2) A case for capitalism in advancing green efforts: Studying Mumbai’s waste management processes quickly uncovers the massive informal economy making this possible. Mumbai employs approximately 300,000 individual waste pickers who cover unofficial territories and waste types across the city. They operate within urban centers and landfills to collect waste, sort out the plastic, and help\ aggregate them for larger materials processing facilities like HUL and Dalmia’s plant. This fragile ecosystem is supported by effective supply and demand. Because there are entities like Dalmia Polypro setting a price for raw untreated plastic, and buyers like Hindustan Unilever committed to buying the processed recycled plastic, individual wage workers are supplying their inputs. Independent waste pickers make roughly 150 rupees a day collecting plastic, and workers in the plant make 400-500 rupees a day to sort and process for recycling. The market is in turn willing to pay roughly 100 rupees for each recycled pellet generated, helping create the entire value chain from individual waste picker, processing plant, pellet manufacturer, and ultimately the goods manufacturer using recycled pellets. A visit to Dharavi in Mumbai, one of the world’s largest informal housing communities, demonstrated how markets can be an effective lever for waste management in a huge way. We crossed a tiny recycling business, operating out of shop corner, which buys used carboard boxes from a waste picker who collects them from local households. The business in turn cleans and strips the boxes down to resell them to local businesses who use them informally as transportation and stock storage. Alternatively, these boxes may end up in landfills. This is the power of setting effective supply and demand: entrepreneurs, at every level, can rise to the challenge. It is up to entities like Dalmia and HUL to adopt, incorporate, and scale these efforts without leaving anyone behind.

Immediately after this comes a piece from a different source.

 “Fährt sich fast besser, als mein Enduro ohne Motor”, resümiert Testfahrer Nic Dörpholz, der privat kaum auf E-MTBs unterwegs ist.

3) Scaling won’t be easy, and the challenges are many: While our visit to the processing facility reinvigorated our optimism in what’s possible, it also unearthed the sheer number of challenges public and private players will need to address to scale the solution. On the consumer side, it was clear from the mountains of discarded sachets that education and behavioral change must lead the effort. Ultimately, recycling should be a secondary goal to reduction. Private players must make recycling their products easier, and bottoms-up initiatives can help train households on managing and sorting their own waste. Encouraging responsible consumption, promoting waste segregation at source, and investing in biodegradable alternatives are vital steps toward a circular economy. On Dalmia and HUL’s side, scaling the current plastic processing facilities requires significant investment and reliable long-term contracts for the increase in recycled outputs. Today’s policy framework and private player commitments don’t yet make that possible.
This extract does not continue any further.